Auf den fünf CDs gibt es 91 Tracks (davon 6 von NBC-TV), es gibt natürlich einige, die zwei- oder dreimal erklingen, wenn ich mich nicht verzähle, sind aus dem Crescendo ganze 65 Stücke zu hören – was so ziemlich das gesamte Live-Repertoire dieser Band umfassen dürfte. Und dass es – im Gegensatz zu den Boxen von Mosaic – keinen Zeilenkommentar mit Solo-IDs gibt, ist sehr verschmerzbar, denn gerade nach dem Anhören der Studio-Aufnahmen ist das meistens ziemlich klar. Bei den Trompeten ist Joe Newman der einfach zu erkennende bedeutendste Solist, Thad Jones spielt die Soli mit überraschenden Haken und bescheidenerem (aber auch klarererem, scheinenderem) Ton, Culley und Young sind nur selten zu hören, aber vor allem letzterer auch sofort erkennbar. Bei den Posaunen ist Al Grey der Hauptsolist, gerne mit Dämpfer und sehr vokaler Delivery. Henry Coker spielt die schroff-blechernen Soli, die einen tollen Kontrapunkt darstellen. Benny Powell ist leider auch nur selten zu hören, von ihm stammen die lyrischsten Posaunensoli, mit runderem Ton als Coker und feinerer Phrasierung als seinen beiden Kollegen. Beim Saxophon dürfte es fast am schwierigsten sein, weil bei Frank Foster und Billy Mitchell manchmal Verwechslungsgefahr bestehen kann. Foster hat aber mehr dieser Dehnbarkeit im Ton, die von Lester Young kommt (ein Element, das ich so ähnlich auch bei Gene Ammons höre), Mitchell ist etwas direkter, der Ton etwas satter, näher an Sonny Rollins. Die Flötensoli stammen alle und die Altsax-Soli fast alle von Frank Wess, der bei seinen seltenen Tenorsoli auch klar herauszuhören ist: er ist näher an Coleman Hawkins als an Young, sein Ton und seine Phrasierung aber sehr eigen. Marshall Royal spielt keine eigentlichen Soli, seine Features sind Balladen, in denen er das Thema präsentiert und ausschmückt. Und Charlie Fowlkes, der Mann am Barisax (und manchmal, v.a. bei Thad Jones-Stücken auch an der Bassklarinette), ist ebenfalls kein bemerkenswerter und äusserst seltener Solist – aber für die Section und den Sound der ganzen Band waren beide zentral. Dazu kommt natürlich die fabelhafte Rhythmusgruppe um Basie: Freddie Green, Eddie Jones und Sonny Payne. Auch Joe Williams hat seine Features, das erste ein eher untypisches „No Moon at All“, in dem er auf dem falschen Fuss erwischt zu werden scheint, aber sofort hineinfindet. Und dann schaut noch Sammy Davis Jr. vorbei und singt „Hallelujah, I Love Her So“ von Ray Charles.

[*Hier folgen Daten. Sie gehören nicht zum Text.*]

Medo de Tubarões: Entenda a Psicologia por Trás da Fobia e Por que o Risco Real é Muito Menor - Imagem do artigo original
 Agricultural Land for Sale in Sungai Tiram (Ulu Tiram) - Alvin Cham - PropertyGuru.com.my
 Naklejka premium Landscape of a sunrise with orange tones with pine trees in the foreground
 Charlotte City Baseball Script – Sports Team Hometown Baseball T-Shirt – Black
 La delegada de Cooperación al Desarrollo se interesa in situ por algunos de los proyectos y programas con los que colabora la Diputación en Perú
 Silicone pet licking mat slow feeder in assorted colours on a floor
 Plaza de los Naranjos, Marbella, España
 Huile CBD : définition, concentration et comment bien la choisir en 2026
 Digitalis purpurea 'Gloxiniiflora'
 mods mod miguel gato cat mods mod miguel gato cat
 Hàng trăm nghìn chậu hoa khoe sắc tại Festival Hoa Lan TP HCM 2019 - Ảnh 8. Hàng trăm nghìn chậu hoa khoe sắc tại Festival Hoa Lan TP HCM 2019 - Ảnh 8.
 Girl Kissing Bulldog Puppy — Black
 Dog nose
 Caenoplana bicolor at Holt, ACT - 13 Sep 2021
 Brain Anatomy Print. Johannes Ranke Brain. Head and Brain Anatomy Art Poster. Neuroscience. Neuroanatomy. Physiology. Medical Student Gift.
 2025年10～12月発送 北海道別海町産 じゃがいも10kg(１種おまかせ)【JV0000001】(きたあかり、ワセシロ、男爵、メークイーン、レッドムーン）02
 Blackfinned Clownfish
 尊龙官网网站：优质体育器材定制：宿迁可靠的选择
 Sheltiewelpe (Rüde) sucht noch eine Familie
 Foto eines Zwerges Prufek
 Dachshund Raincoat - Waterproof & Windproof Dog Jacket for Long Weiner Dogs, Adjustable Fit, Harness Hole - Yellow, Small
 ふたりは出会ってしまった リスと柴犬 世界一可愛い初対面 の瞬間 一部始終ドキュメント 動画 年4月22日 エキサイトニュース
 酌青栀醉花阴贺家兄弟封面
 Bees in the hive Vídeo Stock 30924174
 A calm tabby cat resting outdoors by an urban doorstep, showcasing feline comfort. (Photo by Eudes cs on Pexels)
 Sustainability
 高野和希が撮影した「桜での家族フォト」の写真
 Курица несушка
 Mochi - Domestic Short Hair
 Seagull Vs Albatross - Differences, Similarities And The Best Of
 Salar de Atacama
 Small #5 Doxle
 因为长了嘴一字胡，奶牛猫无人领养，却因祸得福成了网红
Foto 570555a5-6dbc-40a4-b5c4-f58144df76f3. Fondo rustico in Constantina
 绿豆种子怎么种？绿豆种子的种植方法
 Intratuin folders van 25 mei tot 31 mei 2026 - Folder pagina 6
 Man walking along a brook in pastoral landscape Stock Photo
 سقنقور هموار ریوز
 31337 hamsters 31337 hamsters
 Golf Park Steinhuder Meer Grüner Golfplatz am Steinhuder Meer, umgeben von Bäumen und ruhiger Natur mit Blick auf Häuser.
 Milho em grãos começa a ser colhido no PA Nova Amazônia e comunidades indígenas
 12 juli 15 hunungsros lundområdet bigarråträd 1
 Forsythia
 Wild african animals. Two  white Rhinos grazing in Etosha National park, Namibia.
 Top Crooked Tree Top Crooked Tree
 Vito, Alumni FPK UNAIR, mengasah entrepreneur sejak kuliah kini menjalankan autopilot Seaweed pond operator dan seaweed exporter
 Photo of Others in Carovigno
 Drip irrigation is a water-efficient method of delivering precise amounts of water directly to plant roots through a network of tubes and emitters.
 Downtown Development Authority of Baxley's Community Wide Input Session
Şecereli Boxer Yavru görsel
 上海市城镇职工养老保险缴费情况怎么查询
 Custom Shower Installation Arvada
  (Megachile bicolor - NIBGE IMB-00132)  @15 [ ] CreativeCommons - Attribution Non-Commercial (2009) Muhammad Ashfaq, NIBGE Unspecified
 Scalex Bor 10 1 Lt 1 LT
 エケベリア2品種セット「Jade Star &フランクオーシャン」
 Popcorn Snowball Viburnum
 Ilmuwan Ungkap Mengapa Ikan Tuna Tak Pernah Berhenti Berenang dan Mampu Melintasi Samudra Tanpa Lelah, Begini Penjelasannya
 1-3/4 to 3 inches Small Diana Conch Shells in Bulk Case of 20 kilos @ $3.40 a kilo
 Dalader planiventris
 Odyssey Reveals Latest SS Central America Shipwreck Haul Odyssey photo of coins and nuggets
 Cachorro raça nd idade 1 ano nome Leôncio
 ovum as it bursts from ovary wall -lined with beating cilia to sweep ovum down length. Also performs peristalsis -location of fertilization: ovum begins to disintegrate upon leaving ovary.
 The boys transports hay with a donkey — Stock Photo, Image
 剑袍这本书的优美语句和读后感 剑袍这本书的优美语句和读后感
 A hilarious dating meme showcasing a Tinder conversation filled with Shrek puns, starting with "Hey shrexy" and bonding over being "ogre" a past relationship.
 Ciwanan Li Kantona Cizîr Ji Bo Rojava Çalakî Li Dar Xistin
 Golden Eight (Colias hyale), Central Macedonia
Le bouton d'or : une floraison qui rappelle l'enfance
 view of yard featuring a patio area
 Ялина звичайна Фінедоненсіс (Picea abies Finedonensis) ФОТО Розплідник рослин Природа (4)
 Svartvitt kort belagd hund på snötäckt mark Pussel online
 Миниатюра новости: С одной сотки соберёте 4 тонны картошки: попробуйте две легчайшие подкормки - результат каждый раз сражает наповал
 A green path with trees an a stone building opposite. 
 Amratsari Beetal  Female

Die Band klingt nicht immer so perfekt wie im Studio, aber spielt da und dort mit noch mehr Punch. Und Klanglich ist das alles sehr okay. Nicht immer so schön austariert, wie das im Studio möglich wäre, aber der Klang ist konstant und sehr klar, sehr dynamisch obendrein, was ja zum Live-Erlebnis dazugehört. Alles in allem ein immenses Vergnügen für alle, die diese Big Band mögen – oder überhaupt an Big Band-Jazz interessiert sind. Ich mag die CD-Box wirklich wärmstens empfehlen, auch wenn sie (wie die etwa zeitgleiche Village Gate-Box von Sonny Rollins‘ Band mit Don Cherry – ein Geschmäckle hat).